New Algorithm Improves Energy Efficiency of Autonomous Underwater Vehicles

Robotics Researchers have discovered a way for the navigation of strong currents by autonomous underwater vehicles with greater energy efficiency, meaning that the AUVs will be able to collect data in a much better and longer way.

AUV paths planned by framework Credit: Oregon State University.

AUVs like underwater gliders are considered to be valuable research tools primarily limited by their energy budget – every bit of battery power wasted through ineffective trajectories cuts into the time they can spend working.

Historically, a lot of oceanography data sets and sampling came from using ships, which are expensive and can only really be out for a few days at a time. With autonomous underwater vehicles, you can get months-long monitoring. And a way to extend those vehicles’ missions is through smarter planning for how they get from one point of interest to another.

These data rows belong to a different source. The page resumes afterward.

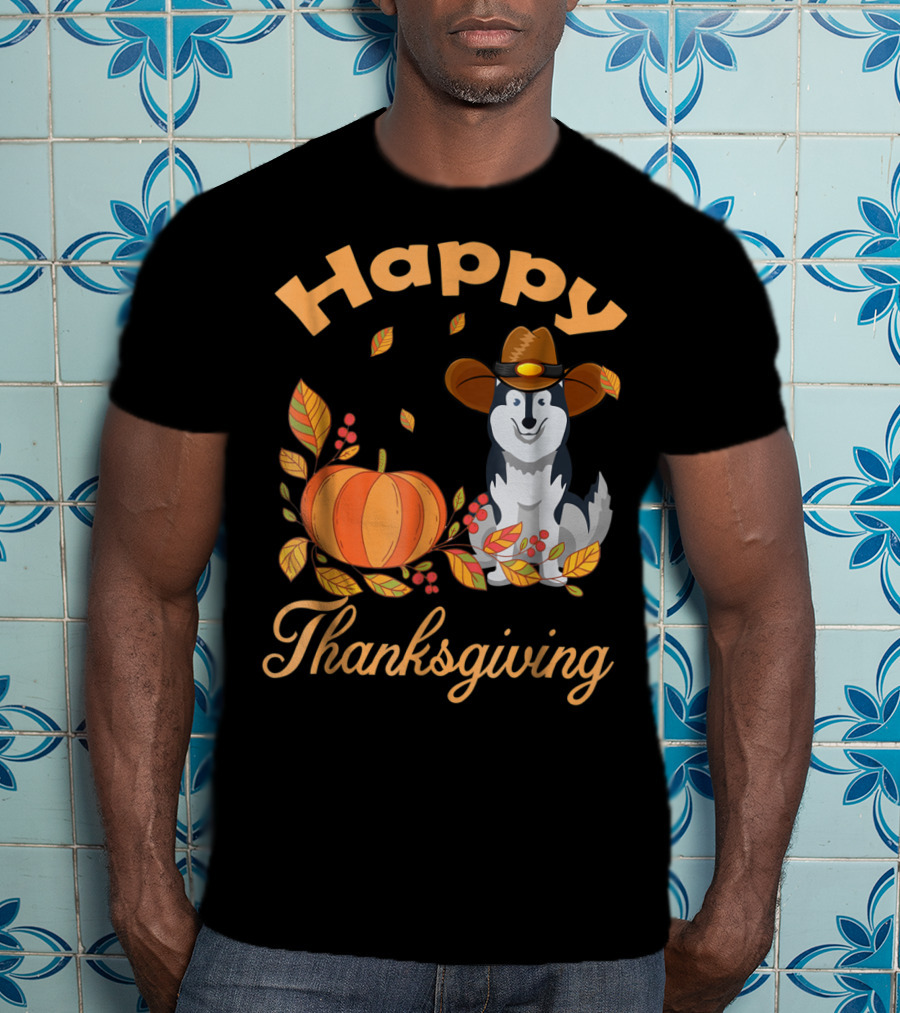 Happy Thanksgiving Siberian Husky With Pumpkin And Fall Leaves T-Shirt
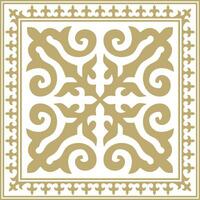 Vektor golden Platz kazakh National Ornament. ethnisch Muster von das Völker von das großartig Steppe, .Mongolen, Kirgisen, Kalmücken, Burjaten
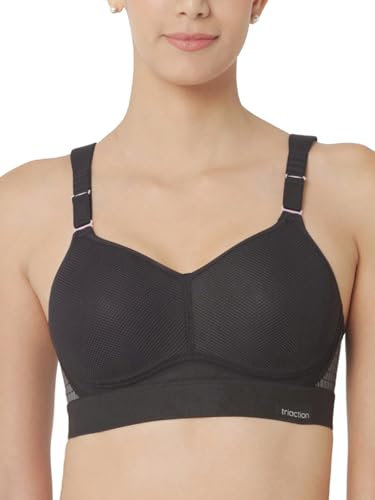 TriAction Damen Gepolstert Sport-BH Hybrid Lite P, Schwarz (Black 04), Gr. 80C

Dylan Jones, a third-year Ph.D. Student in Oregon State University’s Robotics Program and Lead Author on the study

Jones and Ph.D. Advisor Geoff Hollinger, Assistant Professor of Mechanical Engineering in OSU’s College of Engineering, have developed a framework enabling the vehicles to plan energy-efficient trajectories via disturbances that are powerful and uncertain, such as and wind fields and ocean currents.

The framework has an algorithm that samples alternate paths, and also comparison metrics that allow a vehicle to decide when to exactly switch paths based on new information gathered on environmental disturbances.

The framework was tested in a simulated environment, referring to a data set of currents from the Regional Ocean Modeling System, and it was also tested on a windy lake with an autonomous boat.

The findings have been recently published in IEEE Robotics and Automation Letters and they reveal that the algorithm is capable of planning vehicle paths that are more energy efficient in comparison to those planned by the currently available methods. The results also highlighted that the algorithm is strong enough to handle environments for which much data is not available.

Findings also suggest that three of the framework’s five path comparison metrics can be employed for planning increasingly efficient routes when compared to planning exclusively based on the ocean current forecast.

We generalized past trajectory optimization techniques and also removed the assumption that trajectory waypoints are equally spaced in time. Removing that assumption improves on the state of the art in energy-efficient path planning. These are under-actuated vehicles – they don’t go fast in relation to the strong ocean currents, so one way to get them to travel more efficiently is to go with the flow, to coast and not use energy. We’re building more intelligence into these vehicles so they can more reliably accomplish their missions.

Dylan Jones, a third-year Ph.D. Student in Oregon State University’s Robotics Program and Lead Author on the study

Jones highlights that overcoming powerful disturbances is a vital component of putting any type of robot in a real-life environment. Earlier planning algorithms have not always taken into account the dynamics of the vehicle they were planning for, he said.

“Sometimes we make assumptions in the lab or do simulations that don’t translate in the real world,” Jones said. “Sometimes a disturbance is too strong to be overcome, or sometimes it can be overcome but the path deviates so significantly that it would put the robot in a danger area. We have to consider all the possible locations of a robot. There are smarter ways of considering these various disturbances, and this gives us a better way of planning paths that are least affected by disturbances.”

According to Jones, any disconnect between the planner and the controller can be dangerous.

The way we see this work going is to bridge that gap – how do we look at paths that are easier for controllers to follow, and how do we make controllers follow paths better? We can be more energy efficient when we consider the whole environment, planning paths so that the controller of the vehicle doesn't have to work as hard.

Dylan Jones, a third-year Ph.D. Student in Oregon State University’s Robotics Program and Lead Author on the study

Research in the future will also deal with “informative path planning” – planning paths that originally collect information about the environment and disturbances that the algorithm can use later in order to plan more energy-efficient routes.

“How do we combine these two ideas – planning a path for energy efficiency while also trying to gather information that will inform efficient path planning?” Jones said. “There will be tradeoffs and it might come down to, do I pay five hours now to save six hours later on? Another possible research direction is to look at a multi-vehicle situation where one vehicle can scout ahead and relay information to one or more others – they could possibly have a low shared energy cost by intelligently assigning goals and sharing information.”